What the task asks: Go line by line through the entries below and copy those containing the string "Used".

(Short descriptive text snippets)
***

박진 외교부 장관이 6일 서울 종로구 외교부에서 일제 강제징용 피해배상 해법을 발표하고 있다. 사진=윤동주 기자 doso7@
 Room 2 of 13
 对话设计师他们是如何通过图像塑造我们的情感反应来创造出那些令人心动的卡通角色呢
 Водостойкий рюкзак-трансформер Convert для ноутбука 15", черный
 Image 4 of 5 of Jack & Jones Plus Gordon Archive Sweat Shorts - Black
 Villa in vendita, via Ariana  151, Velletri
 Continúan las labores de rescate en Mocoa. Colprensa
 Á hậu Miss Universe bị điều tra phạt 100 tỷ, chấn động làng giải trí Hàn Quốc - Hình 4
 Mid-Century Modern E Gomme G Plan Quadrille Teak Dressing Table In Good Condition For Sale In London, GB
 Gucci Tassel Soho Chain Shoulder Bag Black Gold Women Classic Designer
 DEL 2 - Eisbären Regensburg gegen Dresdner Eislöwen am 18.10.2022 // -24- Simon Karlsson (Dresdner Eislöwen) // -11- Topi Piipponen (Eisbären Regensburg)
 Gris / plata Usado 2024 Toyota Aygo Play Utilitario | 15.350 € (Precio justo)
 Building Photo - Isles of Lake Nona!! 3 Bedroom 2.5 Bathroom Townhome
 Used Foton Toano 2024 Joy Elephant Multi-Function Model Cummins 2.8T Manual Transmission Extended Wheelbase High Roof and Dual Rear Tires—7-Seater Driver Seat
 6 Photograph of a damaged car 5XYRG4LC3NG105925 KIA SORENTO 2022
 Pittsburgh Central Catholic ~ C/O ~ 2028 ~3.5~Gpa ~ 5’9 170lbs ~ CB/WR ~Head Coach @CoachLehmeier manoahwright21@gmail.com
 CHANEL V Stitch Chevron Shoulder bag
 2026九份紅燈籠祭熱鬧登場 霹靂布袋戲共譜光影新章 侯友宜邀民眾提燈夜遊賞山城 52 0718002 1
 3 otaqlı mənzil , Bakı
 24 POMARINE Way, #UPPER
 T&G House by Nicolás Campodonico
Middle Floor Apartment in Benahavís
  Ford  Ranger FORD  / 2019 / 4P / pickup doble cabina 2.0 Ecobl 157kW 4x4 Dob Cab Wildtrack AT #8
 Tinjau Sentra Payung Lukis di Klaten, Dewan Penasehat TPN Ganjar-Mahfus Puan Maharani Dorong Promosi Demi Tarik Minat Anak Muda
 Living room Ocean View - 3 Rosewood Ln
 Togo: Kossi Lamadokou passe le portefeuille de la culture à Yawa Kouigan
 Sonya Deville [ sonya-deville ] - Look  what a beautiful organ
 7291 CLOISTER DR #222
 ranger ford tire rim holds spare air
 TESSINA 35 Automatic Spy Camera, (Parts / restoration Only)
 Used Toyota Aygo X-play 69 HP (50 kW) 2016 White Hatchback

***

Final answer:
 Used Foton Toano 2024 Joy Elephant Multi-Function Model Cummins 2.8T Manual Transmission Extended Wheelbase High Roof and Dual Rear Tires—7-Seater Driver Seat
 Used Toyota Aygo X-play 69 HP (50 kW) 2016 White Hatchback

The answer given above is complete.